DOOBEEIS / DOOBEEIS
RAMB CAMP、TETRAD THE GANG OF FOUR、RAU DEF、QN from SIMI LABなど今年もジャパニーズHIP HOPシーンの注目を集めた、ファイルレコードが2010年の最後を飾るHIP HOPグループ、DOOBEEIS(ドゥービーズ)。デビューアルバム リリース!
生活感溢れるタフなラップ
HIDENKAとGOUKIの2MCからなるヒップホップ・グループDOOBEEISがデビュー・アルバム『DOOBEEIS』をリリースする。長く続けていること以外は手元にある資料からはわからないのだが、KEMURI PRODUCTIONのDJ YASやTHINK TANKの一員であるサックス奏者CHE3 CHEEとライブを行うなど、日本のアンダーグラウンド・ヒップホップのコアな人脈とのつながりが伺える。そんな彼らのサウンドは、エレクトリック・ピアノを中心にすえたメロウなウワモノに、都会の野蛮さを匂わせるようなケムたい音響やビートと、やはりアンダーグラウンドの良質さを宿している。この面子とライブをするのもうなずける音なのだ。では、リリックはどうなんだろうか。
1曲目「Black Board」か"オレンジの銀河鉄道 / 光るレールは滑走路"や6曲目「Crazy Night」の"見たこともないとこに行きたい? / そりゃ、俺だって行きたい"など、ここではないどこかへの憧れをつづったものが印象深い。特にアルバムの真中8曲目の8分に渡る曲「Long Forest」では、"かなりきいてるさっきの魔法のビート / よけるヒマないぜブルーベリー / 愛情一本ジュエルのキー"といったキレたセンスのリリックを単調なビートと飛び回るエフェクトの中で聞かせていて、本作のハイライトを演出している。だが、4曲目「Food」は毎日働いて食事をする当たり前のようなことをモチーフにラップしていて、 DOOBEEISの二人が地に足の着いた生活者であることもわかる。あちらの世界に憧れるだけでなく、今ここで生活することのタフさも彼らは忘れていない。

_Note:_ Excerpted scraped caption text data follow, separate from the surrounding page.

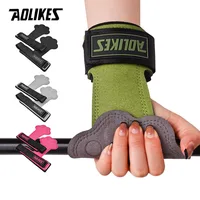 AOLIKES-guantes de gimnasio para dominadas, levantamiento de gimnasia, Crossfit, cinturón de potencia antideslizante, envolturas de soporte, almohadilla de protección de palma, fuerza
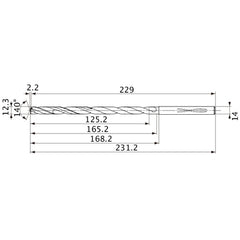 MVS1230X10S140 DP1020 12.3 mm Dia. × 14 mm Shank × 165.2 mm Flute Length × 231.2 mm OAL, 140°, 2 Flute, Coolant Thru, Solid Carbide Drill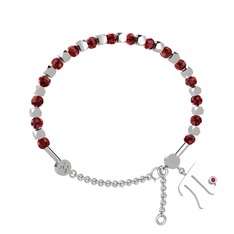 Mitra Pi Bilezik - Garnet ve rodolit garnet 8 ayar beyaz altın bilezik #1ryyb51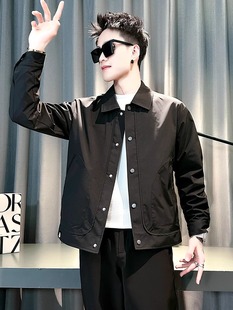 潮牌外套男春秋季薄款休闲潮流翻领夹克男款2025新款男士春装上衣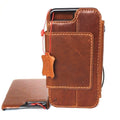 Genuine full leather iPhone 8 case with wallet design, card slots, magnetic closure, and detachable cover in classic style.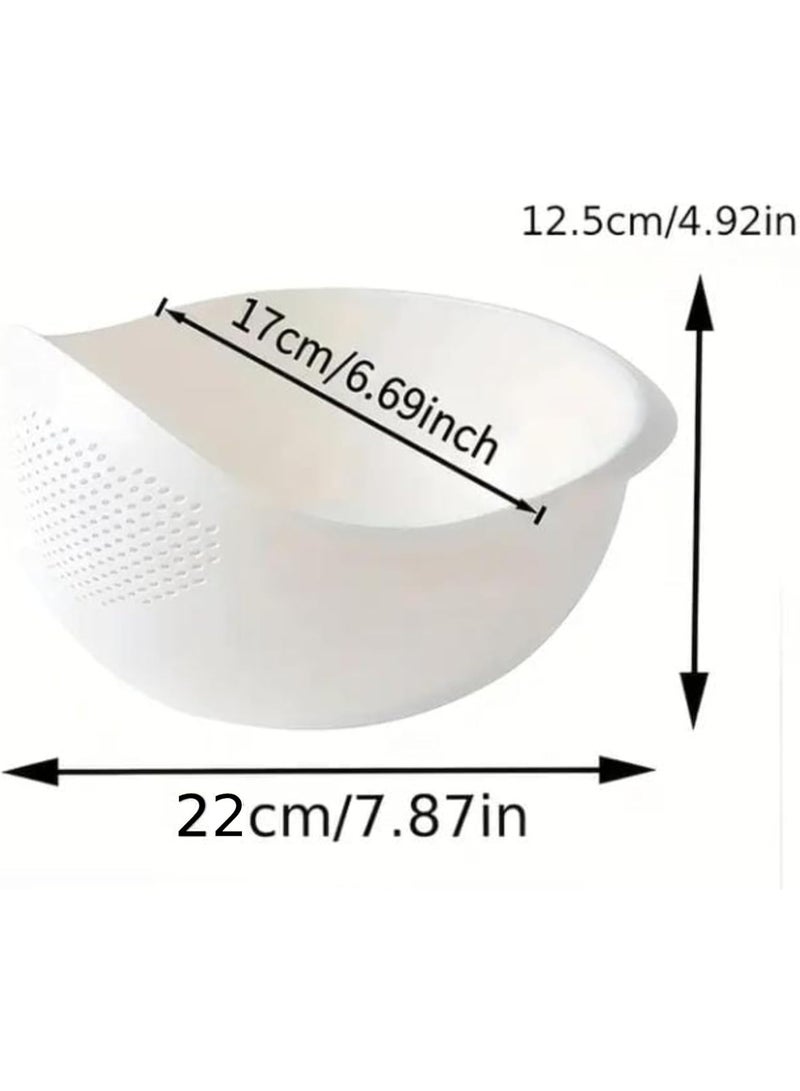 Beauenty Colander Food Grade Plastic Rice Beans Peas Washing Filter Strainer Basket Sieve Drainer Cleaning Gadget Kitchen Accessories Rugged and easy to use (White) - Image 4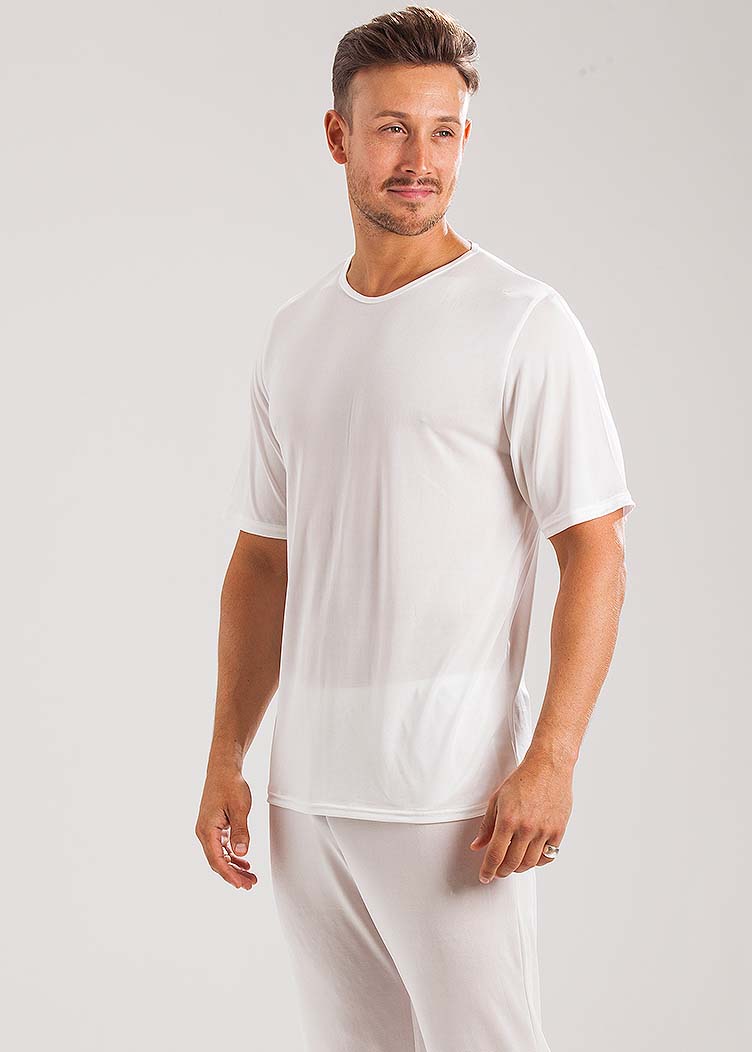 Ivory silk jersey T shirt & lounge pants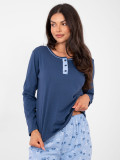 Damen-Pyjama mit Blumenmuster, blau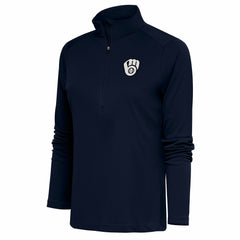 Milwaukee Brewers Antigua Women's Brushed Metallic Tribute Half-Zip Pullover Top - MLB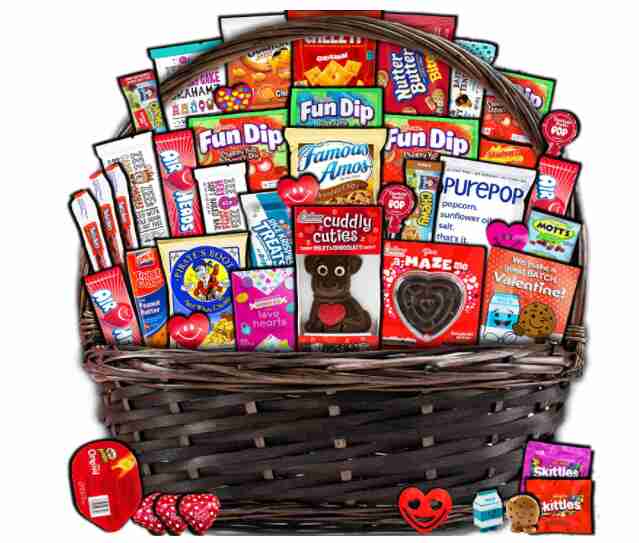 Valentine's Day snack basket.
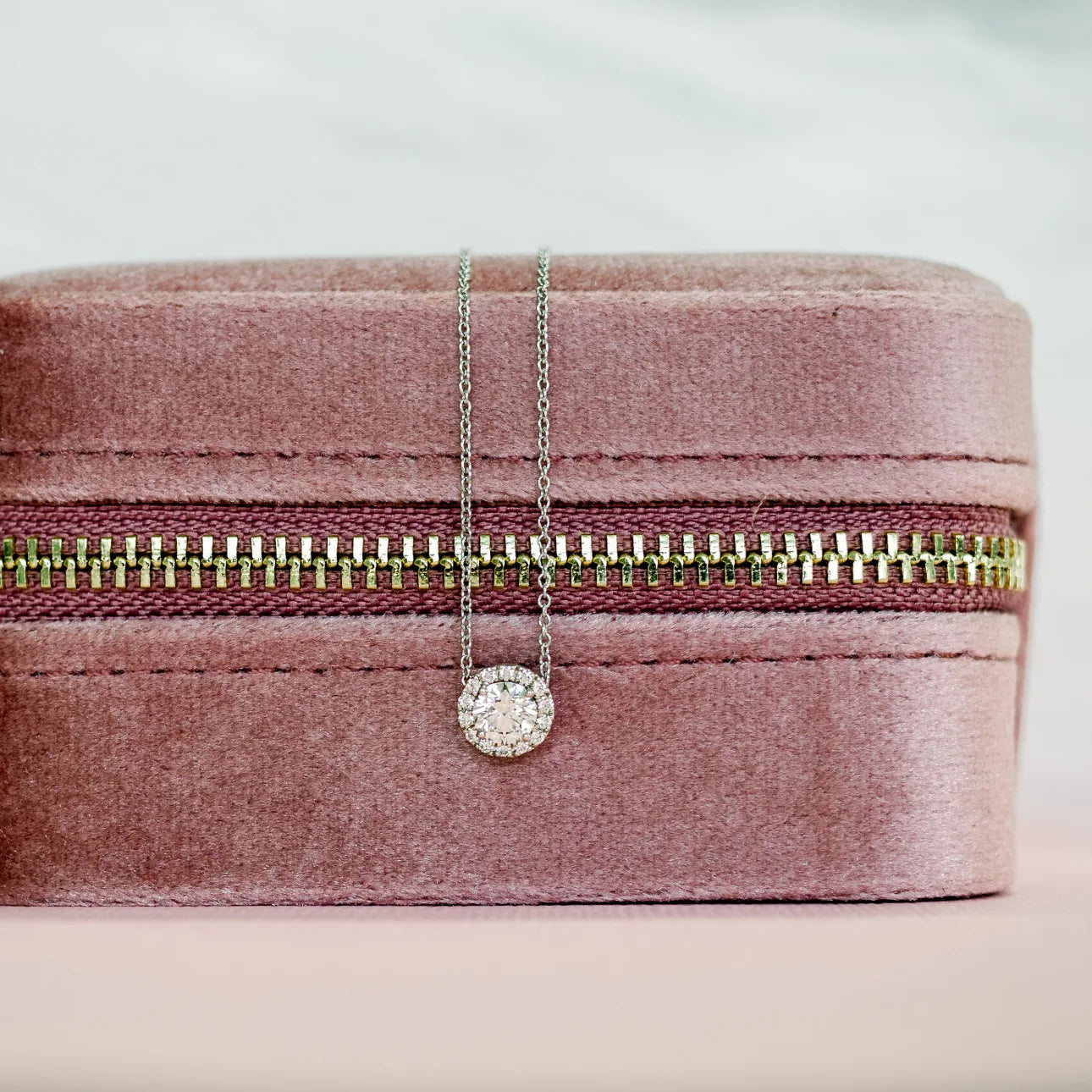 Round Lab Grown Diamond Single Halo Pendant, EF Color, VS Clarity, IGI Certified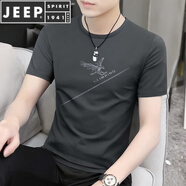 JEEP SPIRIT23夏新款莫代爾冰絲短袖t恤男士夏季速干半袖體恤上衣服男 057款-深灰 XL (135-150斤合身)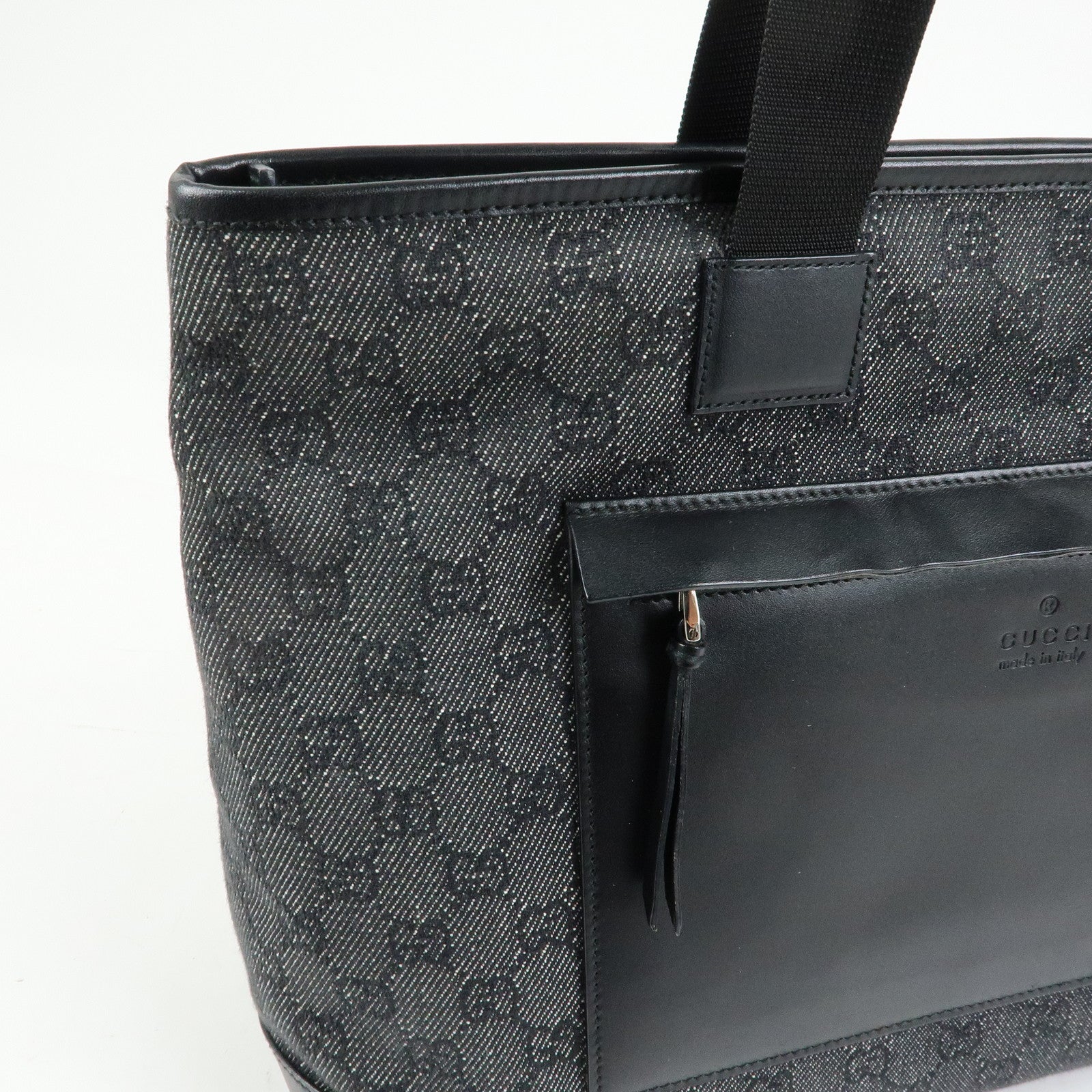 GUCCI GG Denim Leather Tote Bag Shoulder Bag Black 34339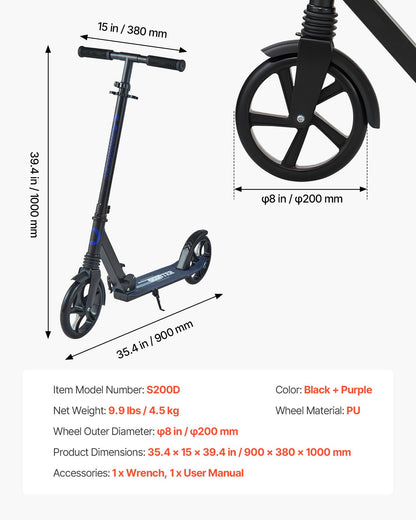 Sparkcykel för barn från 8 år, tonåringar och vuxna, 2-hjulig sparkcykel för småbarn med justerbart styre, brett halkfritt däck, hopfällbar, lättviktig för pojkar och flickor upp till 99,8 kg, svart + lila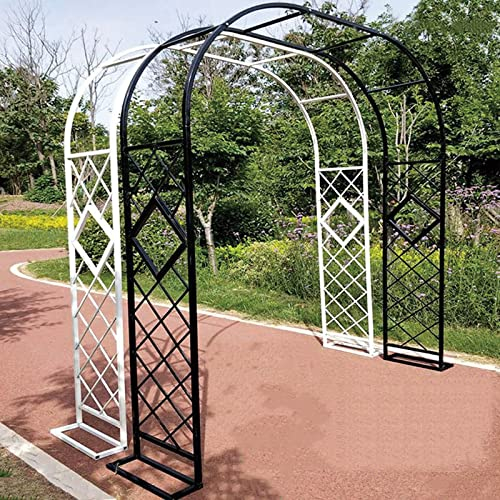 Rosenbogen, Garten-Torbogen Aus Metall, Pergola Rankhilfe Verzinkt Rost, Laubengang Rankgestell mit Sockel Wetterfest Gartenbogen Torbogen Rankenbogen, Hochzeitsbogen, 5 Größen,Schwarz,3.0Mx2.3M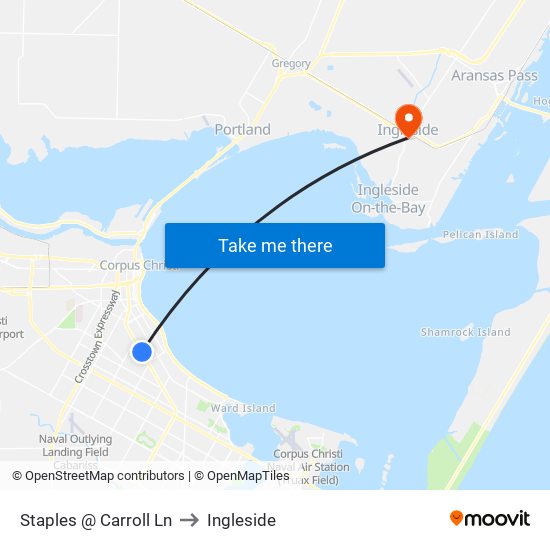 Staples @ Carroll Ln to Ingleside map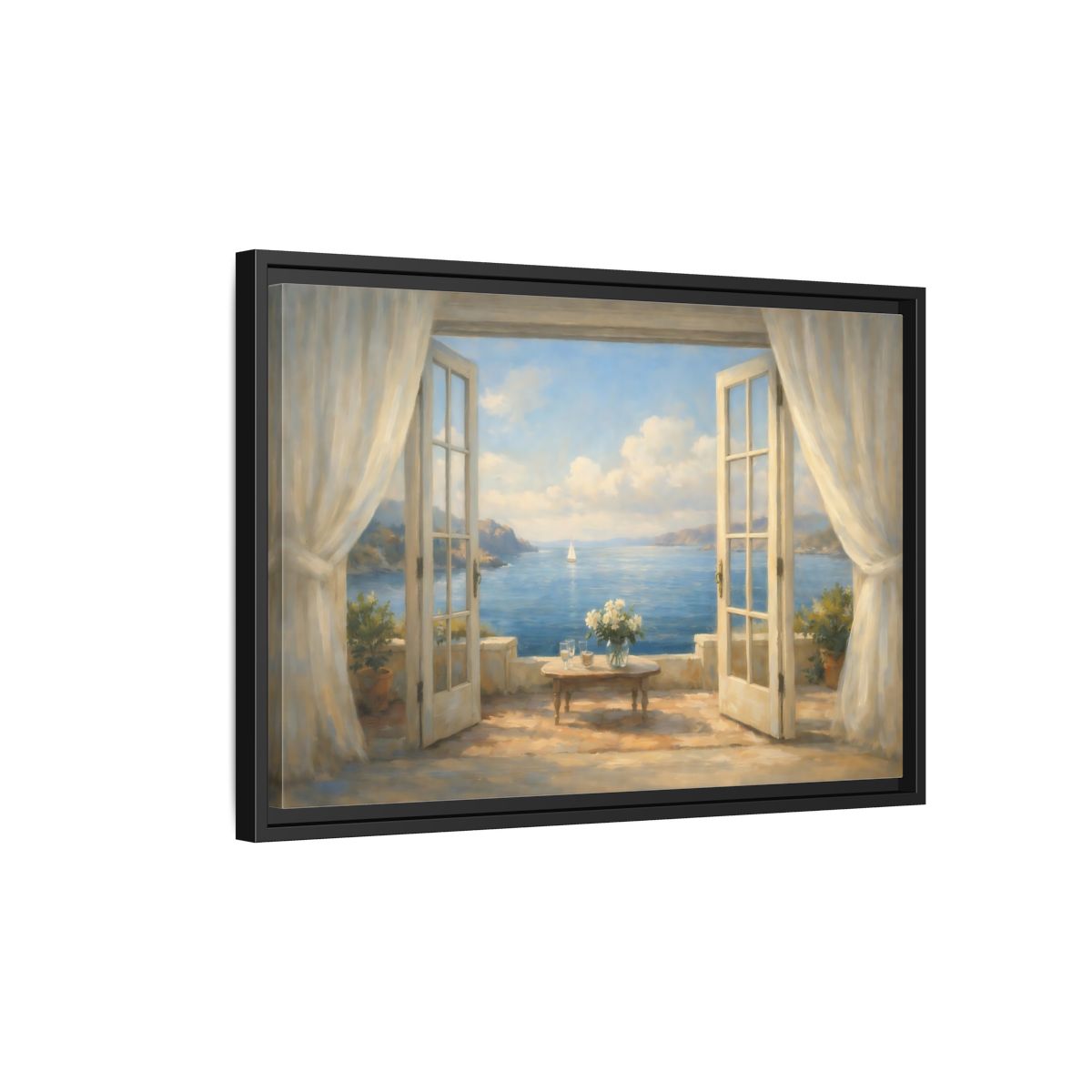 Side Mockup 3. Nature Coastal View Mediterranean Seascape shown as stretched canvas wall art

そして、そのタフさが一番表れているのが二人のラップだ。今の若い世代のような複雑かつ高速であったり、R&Bを経由したメロウさがあるわけではないが、中ぐらいの速さで着実に言葉をつむいでいくスタイルは先に書いたサウンドに芯を通している。加えて、ここで引用してきたようなリリックが頭に入ってイメージを結ぶのにも調度いい。スキルを競い合うゲームとは、また違ったラップのよさが聞ける。ざっと彼らのことを紹介してきたが、今年4月にアルバムを出していたROCKASENといい、日本のアンダーグラウンド・シーンにはまだこんなグループもいたのかという気持ちになる。そして、その音がリリースされることは聞き手にとって喜ばしいことだ。耳を傾けてみよう(Text by 滝沢 時朗)
LIVE information
「CLOWN'S CROWN × BLACKSMOKERRECORDS × clubasia presents 『LA NINA』」
12/27@clubasia
DOOR : 3000(1d) / Adv :2000
こだま和文、 CALM、 KILLER BONG、 OLIVE OIL、 DOOBEEIS、 SHIRO the GOODMAN、 L?K?O、 Marginalman a.k.a. DJ TUTTLE、 ROKAPENIS、 タカラダミチノブ、 RILLA、 YAZI、 VIZZA CASH MONEY、 Conomark、 KLEPTOMANIAC
DOOBEEIS profile
「世間知らずのマリアッチ」二つの黒い影が近づいてくる。遂に完成したようだ、DOOBEEISのアルバムが。HIDENKA(ヒデンカ)とGOUKI(ゴーキ)によるHIP HOPグループ、DOOBEEIS。 奇妙な名義を使い分けて活動している為、その実態を知る者は少ないが、様々なトラックメイカーとのコラボレーションや、各々過去の活動によって得てきたストリート・プロップスは計り知れない。シーンの内外でボーダレスに活動し、ヒッピーやジプシーのように気の向くまま音楽の旅を続ける。まさに音楽中毒者が待ち望んだアルバムの完成である。混沌とする現実社会に落とされた自由のひとしずくは、みるみるうちに辺りを浸食していく。まるでロード・ムービーのように情景の浮かぶ「DOOBEEISサウンド」を携えて、唯一無二の音楽の高みを目指す。DOOBEEISが持つ世界感は一朝一夕に作り出されたものではない。天井から垂れ落ちる水滴が、長年をかけて洞窟の中で見事な石柱をつくり出す様なものだ。